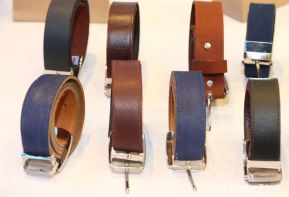 Culmina Expopyme 2019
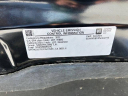 Thumbnail image of 2022 Chevrolet Equinox at Creighton Auto & Body Shop
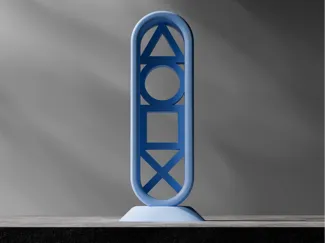 PS_HEADPHONNE STAND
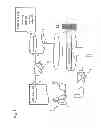 Fig. 02 - Information gathering system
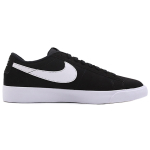 Nike Blazer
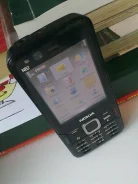Nokia N80. ��������. �/�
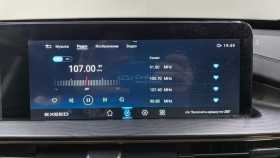 EXEED LX 2023 г.в.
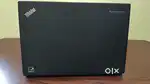 Lenovo ThinkPad X250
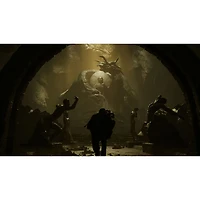 Hell is Us (Xbox Series X)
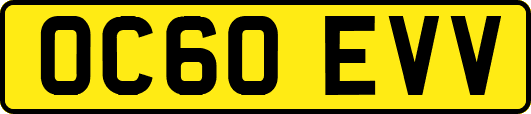 OC60EVV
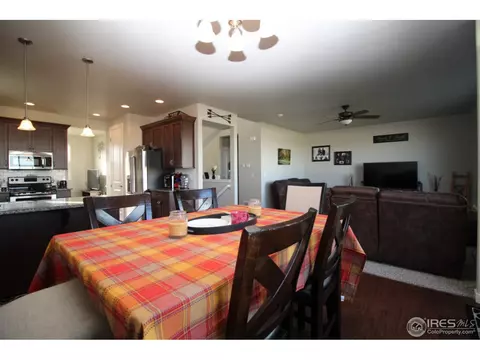 3304 66th Ave, Greeley, CO 80634 photo 8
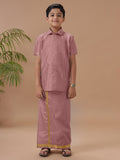 files/Kidscolourchangeingimages1-1.jpg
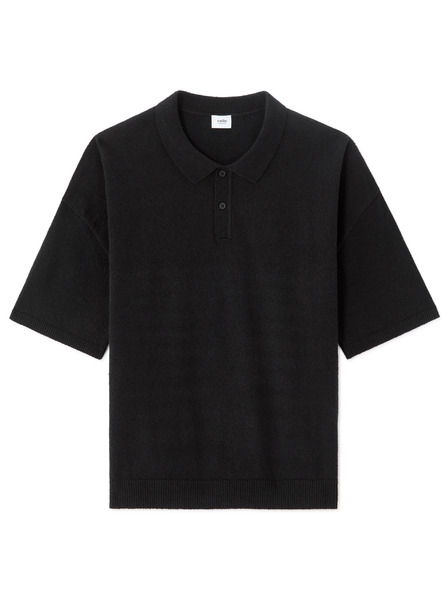 Celio Polo тениска Nebouclet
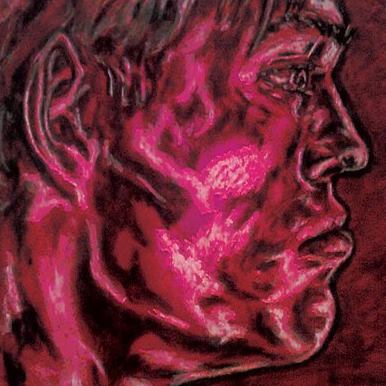 David Romo Art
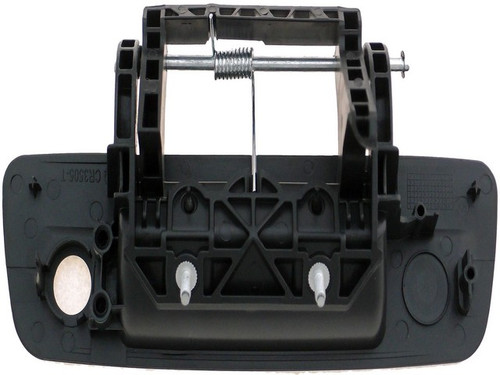 Dorman - HELP Tailgate Handle P/N:83201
#####
*TASK PROMPT*
Every line from the one containing "David Romo Art" through the end of the entries above, both included, should be extracted exactly, with pictures left out.

*RESULT OF THE EXERCISE*
 David Romo Art
 Dorman - HELP Tailgate Handle P/N:83201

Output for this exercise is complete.